Anchorless children skip the deposit. A diff is only meaningful against a durable base (the child's anchor). A child with no anchor — a never-stored tree (bulk load before the first store) or a child created/split this txn — is written wholesale at store (see the has no anchor ⇒ must write arm below), so any diff buffered for it is discarded. depositKV therefore skips building the leaf-diff when the effective anchor is null, leaving the slot's ĝ (count/measure) intact. This is store-identical to building-then-discarding, but avoids the dominant per-op cost (a PersistentTreeMap.assoc per insert) — so a bulk load runs at baseline throughput even with diff-buf on. Children that do have an anchor (the common modify-an- existing-leaf case, the source of the PUT win) deposit as normal.

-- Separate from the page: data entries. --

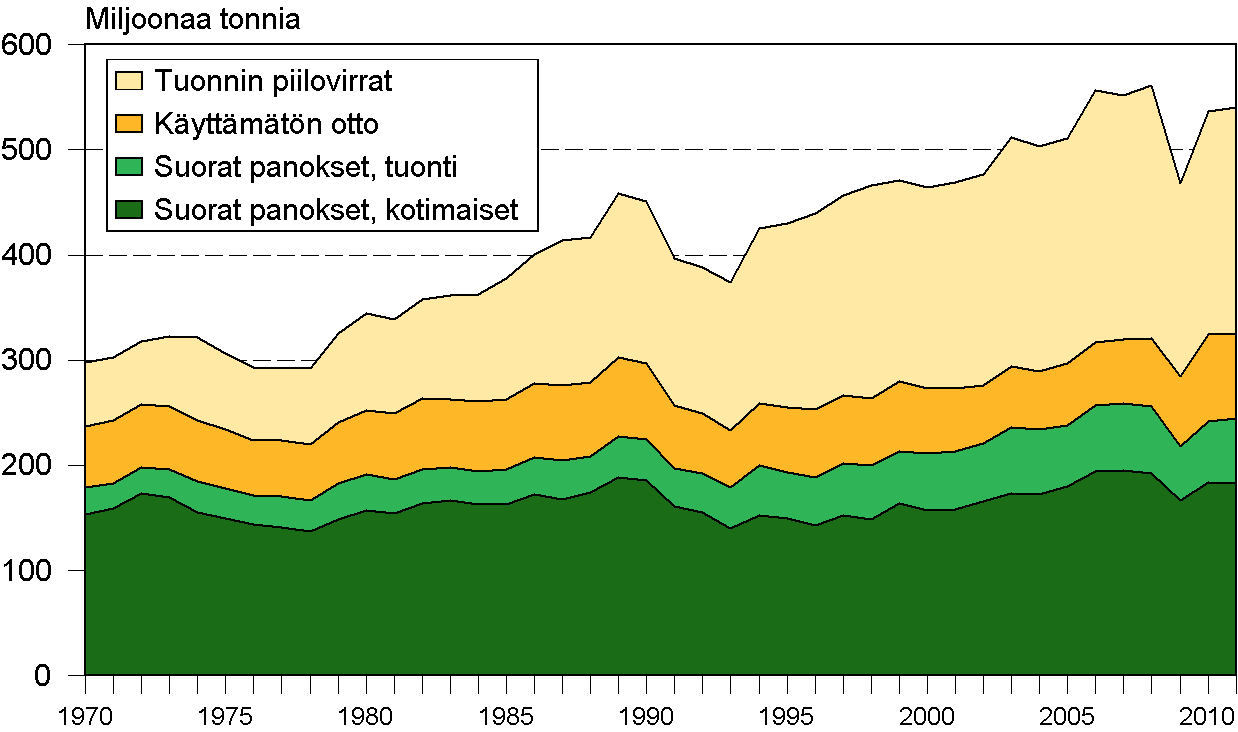 Kansantalouden materiaalivirrat Lähde: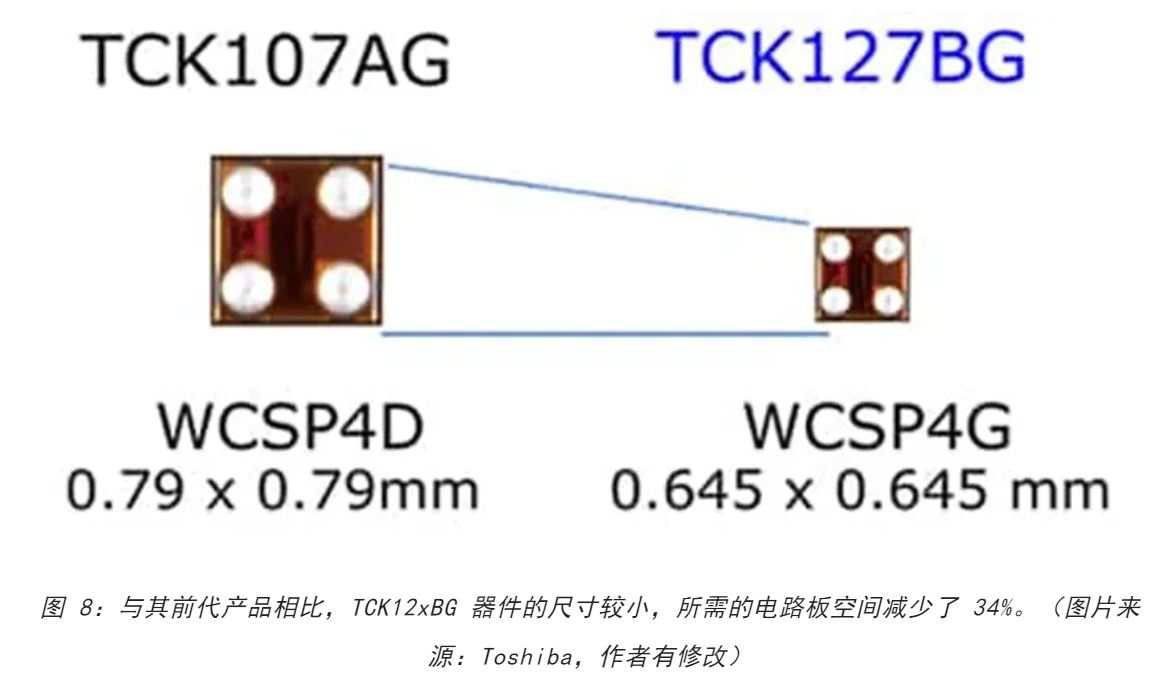 電源軌難管理？試試這些新型的負載開關(guān) IC！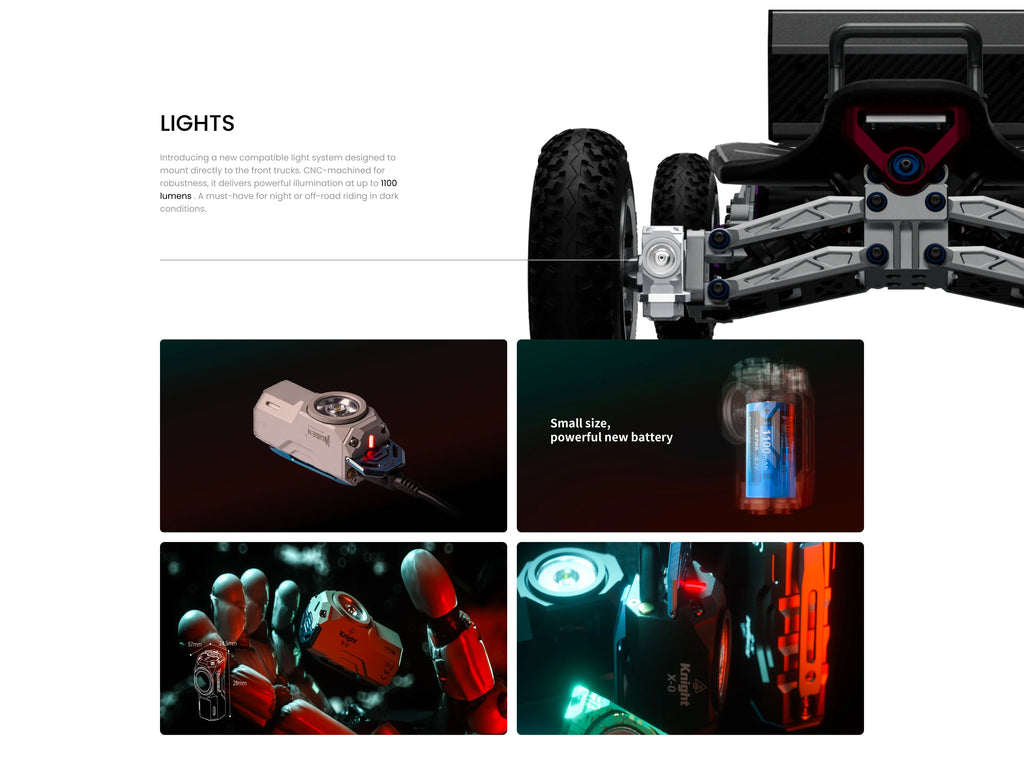 Acedeck® Premium Front Light (1100 lumens)- Nyx Z1, Nyx Z3, Ares X1, Ares  X3, Nomad N1, Nomad N3, Stella S1, Stella S3, Stella Mini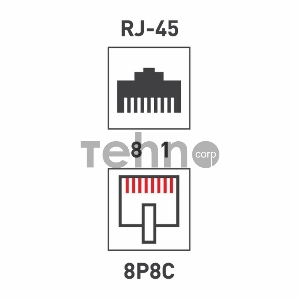 Розетка сетевая LAN, на стену, (1 гнездо 8Р8С (Rj-45), 5e кат)
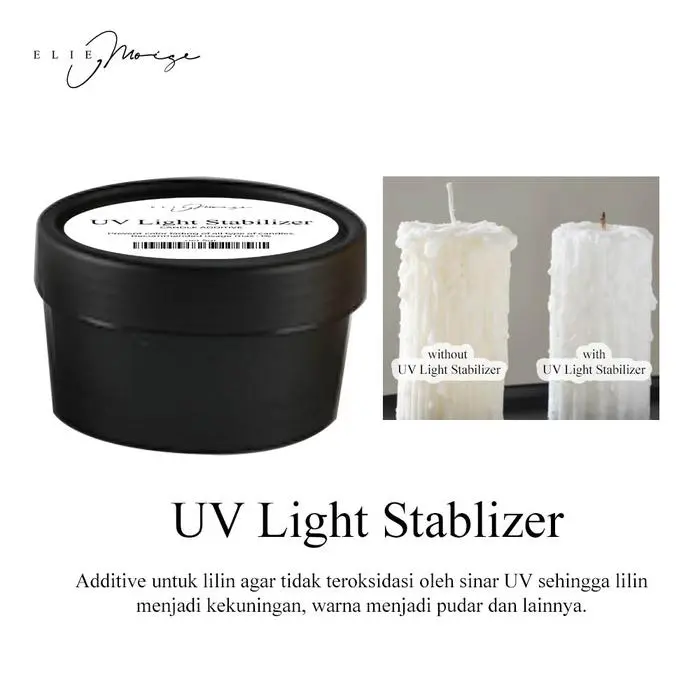Candle UV Light Stablizer - UV Absorber Candle additive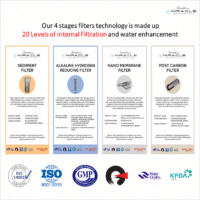 Miracle Water Of Life Machine (Filter Replacement)
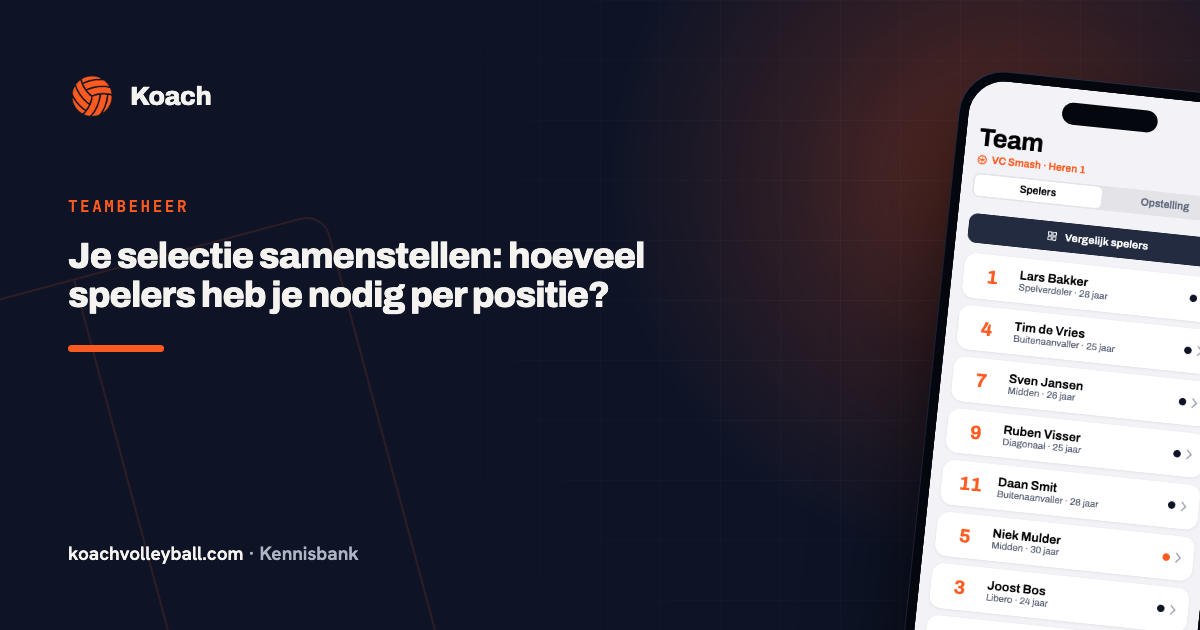 Teamoverzicht in de Koach-app met de volledige selectie per positie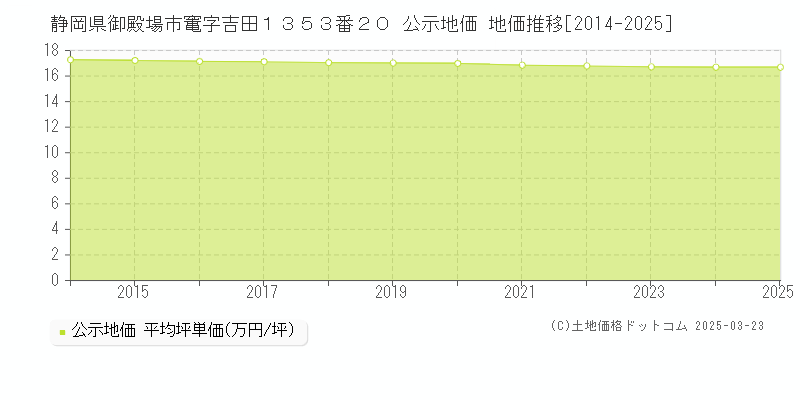 静岡県御殿場市竃字吉田１３５３番２０ 公示地価 地価推移[2014-2025]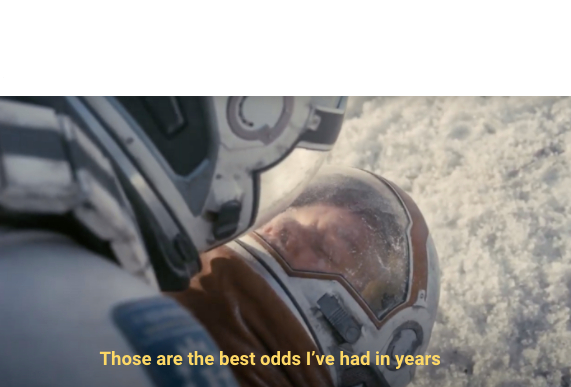 best odds Blank Meme Template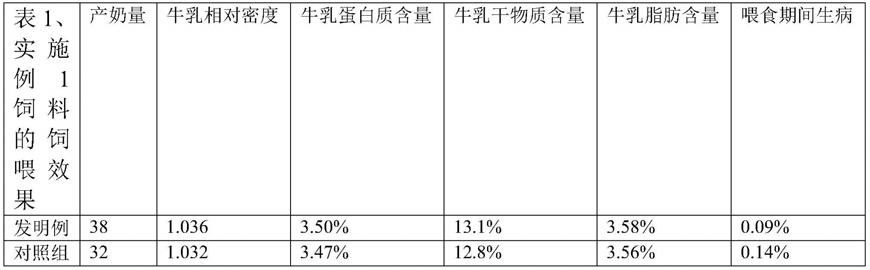 一种具有催乳作用的中草药饲用秸秆颗粒的制作方法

Store (write the touched nodes, buffer the rest)

store(node):
  if clean (has _address): return _address          # unchanged → reuse durable object
  pass := Σ diffSize(slotⱼ) over CLEAN children j    # buffered-passthrough diffs (kept as-is)
  cand := []                                         # dirty, content-only children (bufferable)
  for each dirty child cᵢ:
     if cᵢ rebalanced (structure ≠ anchor) or has no anchor:
        store(cᵢ); markFreed(old anchor); slotᵢ := ∅  # must write
     else: cand += (i, szᵢ := diffSize of cᵢ's subtree diff, assembled nested diff)
  embedded := pass                                   # BIGGEST-FIRST: buffer small, flush large
  for (i, szᵢ, diffᵢ) in cand sorted by szᵢ ASCENDING:
     if embedded + szᵢ ≤ B:
        child_addrᵢ := cᵢ.anchor; slotᵢ := (diffᵢ, ĝᵢ, maxKeyᵢ); embedded += szᵢ   # BUFFER
     else: store(cᵢ); markFreed(old anchor); slotᵢ := ∅                            # FLUSH
  write node (base + slots); return new _address     # written because rebalanced / child-written / root
  • The root is always written ⇒ ≥ 1 PUT.
  • Structural changes are written, so the durable structure always matches in-memory — no divergence, no re-derive, no sibling load on read. A rebalancing commit writes the affected path (~depth PUTs); rebalances are ~1/BF of ops, so amortized ≈ 1 + depth/BF.
  • Budget B caps the buffered diff of one written object, measured in entries (number of buffered element-changes, summed over the node's slots — not bytes). It is enforced strictly: a child is buffered only if it keeps the running total ≤ B, so every stored object satisfies Σ embedded diff ≤ B.
  • Eviction is biggest-first. When the bufferable children don't all fit, the ones with the largest diffs are flushed (written) and the small ones kept buffered. A slot that regularly consumes a big share of the budget is thus written proportionally often (it can't jam the buffer), and flushing the largest reclaims the most budget per PUT. Clean passthrough children (buffered in a prior commit, untouched now) consume budget but are never flushed here — flushing them would require loading their anchor.
  • All flushed/written children are dirty this commit ⇒ resident, so a flush never reads.
  • The two classifications above are O(1), not a subtree walk. Both "did cᵢ rebalance?" and "szᵢ = diffSize of cᵢ's subtree" are read from a single per-node aggregate, _bufEntries — the buffered-entry count of a node's subtree, maintained by delta on the deposit return path exactly like the count in ĝ (a −1 must-write sentinel for a rebalanced subtree, a −2 lazy sentinel resolved from a restored node's slots on first read, IO-free). A deposit folds its child's value into the parent's running total, so a rebalance's −1 poisons upward automatically and reaches the nearest written ancestor with no propagation code — this is what replaces the recursive content-only-diff-size walk that a deep rebalance (hidden under content- only intermediate nodes) would otherwise force. _bufEntries is in-memory only; the on-disk format is unchanged (it is cheaply re-derived from a slot's diff, unlike count, which is stored because deriving it needs IO). An -ea oracle re-walks the subtree at each store to cross-check the maintained value.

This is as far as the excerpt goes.